# VMF 250 Gig SSD



## RCuber (Aug 30, 2014)

*VFM 250 Gig SSD*

Hello, 
I am looking for a good SSD for under 10K , Samsung 250GB 840 EVO looks like a ideal choice, but I want to know what other alternatives are available for this range.


----------



## harshilsharma63 (Aug 30, 2014)

Try finding Samsung 850 series. It's much more robust, faster adn comes with 10 years warranty. it also has much higher write counts.


----------



## SunE (Aug 31, 2014)

The best VFM right now is the Crucial MX100 @ 7.5k. But since you got a ood budget Samsung EVO is definitely a great product. I use it myself.


----------



## RCuber (Aug 31, 2014)

SunE said:


> The best VFM right now is the Crucial MX100 @ 7.5k. But since you got a ood budget Samsung EVO is definitely a great product. I use it myself.



How much performance difference can I see between the two products?


----------



## seamon (Aug 31, 2014)

RCuber said:


> How much performance difference can I see between the two products?



Performance should not really be a concern when shopping for SSDs.

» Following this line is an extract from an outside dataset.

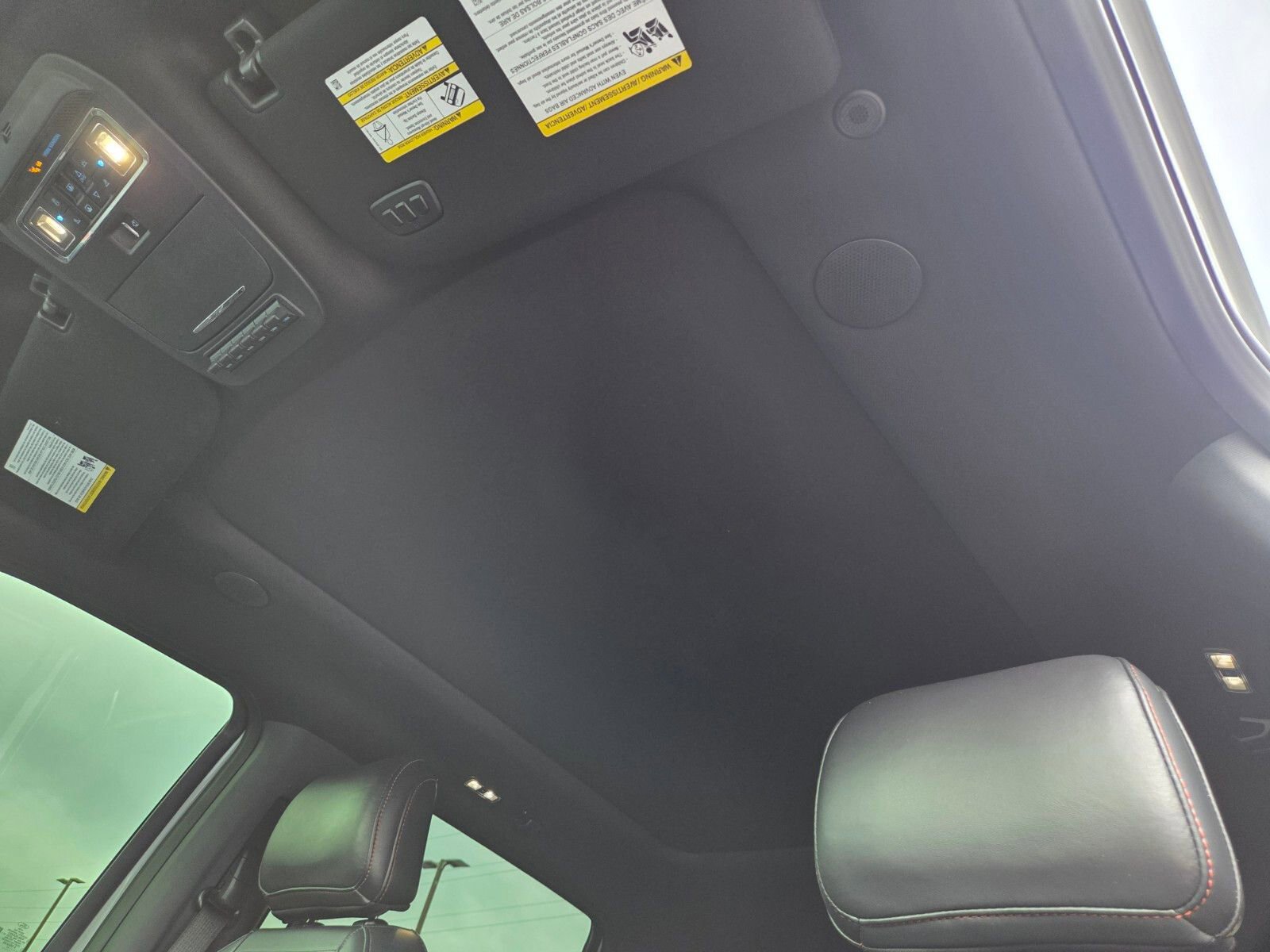 Certified 2024 Ford F150 Raptor image 11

This is because all SSDs are fast. In real world usage, all SSDs are the same. You will only see a difference when you use synthetic benchmarking tools. 
The things to consider:
1.VFM.
2.Endurance.
3.Buy only from:Intel, Samsung, Plextor and Crucial. Ignore other brands. The cheapest SSD from one of these brands will never fail you.


----------



## RCuber (Aug 31, 2014)

Bought Samsung 250 GB EVO 840 

@Mods: Please close the thread.


----------



## SunE (Aug 31, 2014)

Congrats it's a great product


----------